Optimal operator order?

Added by Brendan DeTracey over 3 years ago

Hi. Me again...

In the following command line what is the optimal order of cdo commmands?

cdo -O -a -f nc4 -z zip --cmor \
    -intlevel,50 \
    -select,startdate="$seldate_start_arg",enddate="$seldate_end_arg",levidx=18,19 \
    -mergetime "$file_glob" "$file_out"

Would the following be more optimal?

cdo -O -a -f nc4 -z zip --cmor \
    -intlevel,50 \
    -mergetime "$file_glob" "$file_out" 
    -apply,-select,startdate="$seldate_start_arg",enddate="$seldate_end_arg",levidx=18,19 [ "$file_glob" ] \
    "$file_out"

Replies (9)

RE: Optimal operator order? - Added by Ralf Mueller over 3 years ago

hey, Brendan! Happy to hear from you ;-)

IMO it's a good rule of thumb to select the data before doing anything else. So you idea with the second version seems good: use apply to select things before merge.
But I think syntactically it does not work, because the mergetime should get the output of the apply chain an input and the file_out should only occur at the very end of the call.

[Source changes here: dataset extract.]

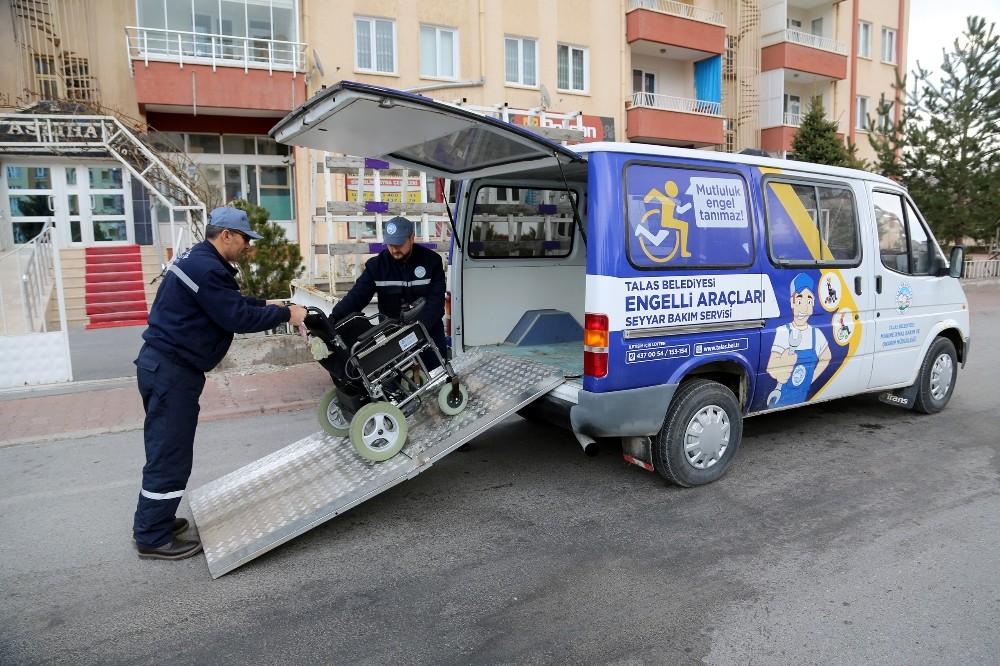 Talas’tan engelli vatandaşlara özel hizmet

Can you upload two input files? I would love to test the combination of merge, apply and select

cheers
ralf

RE: Optimal operator order? - Added by Brendan DeTracey over 3 years ago

Hi ralf!
The files are much too big to upload, but here are some download links for your pleasure! Each file is ~8.6GB:
http://esg1.umr-cnrm.fr/thredds/fileServer/CMIP6_CNRM/CMIP/CNRM-CERFACS/CNRM-CM6-1-HR/historical/r1i1p1f2/Omon/thetao/gn/v20191021/thetao_Omon_CNRM-CM6-1-HR_historical_r1i1p1f2_gn_199501-199912.nc
http://esg1.umr-cnrm.fr/thredds/fileServer/CMIP6_CNRM/CMIP/CNRM-CERFACS/CNRM-CM6-1-HR/historical/r1i1p1f2/Omon/thetao/gn/v20191021/thetao_Omon_CNRM-CM6-1-HR_historical_r1i1p1f2_gn_200001-200412.nc
http://esg1.umr-cnrm.fr/thredds/fileServer/CMIP6_CNRM/CMIP/CNRM-CERFACS/CNRM-CM6-1-HR/historical/r1i1p1f2/Omon/thetao/gn/v20191021/thetao_Omon_CNRM-CM6-1-HR_historical_r1i1p1f2_gn_200501-200912.nc
http://esg1.umr-cnrm.fr/thredds/fileServer/CMIP6_CNRM/CMIP/CNRM-CERFACS/CNRM-CM6-1-HR/historical/r1i1p1f2/Omon/thetao/gn/v20191021/thetao_Omon_CNRM-CM6-1-HR_historical_r1i1p1f2_gn_201001-201412.nc

The following link shows the status of all ESGF servers. If the above download links do not work, it may be because esg1.umr-cnrm.fr is temporarily down: https://esgf-node.llnl.gov/status/

RE: Optimal operator order? - Added by Ralf Mueller over 3 years ago

hi again!

thx for the link. I downloaded 2 of the files. they are compressed netcdf4, which is very bad for processing (constant decompression of data/coordinates). so before doing anything else I decompress them.
2nd thing is mergetime: I thing you don't need that, because the shell wildcard together with the filename conventions gives the correct temporal order. extra scanning an re-ordering of timesteps does not seem to be needed IMO.
cat should be faster.

My attempt to decompress a file with CDO takes ages (after 10min I have 5%). Have to check this in more detail first

RE: Optimal operator order? - Added by Ralf Mueller over 3 years ago

With some help of Uwe I can say more: Not only are the data-variables compressed, but also they are saved with the largest possible chunksize (1 single chunk for everything). Similar to the intlevel ticket (#10617) the data is in the worst shape ever to be analyzed with CDO.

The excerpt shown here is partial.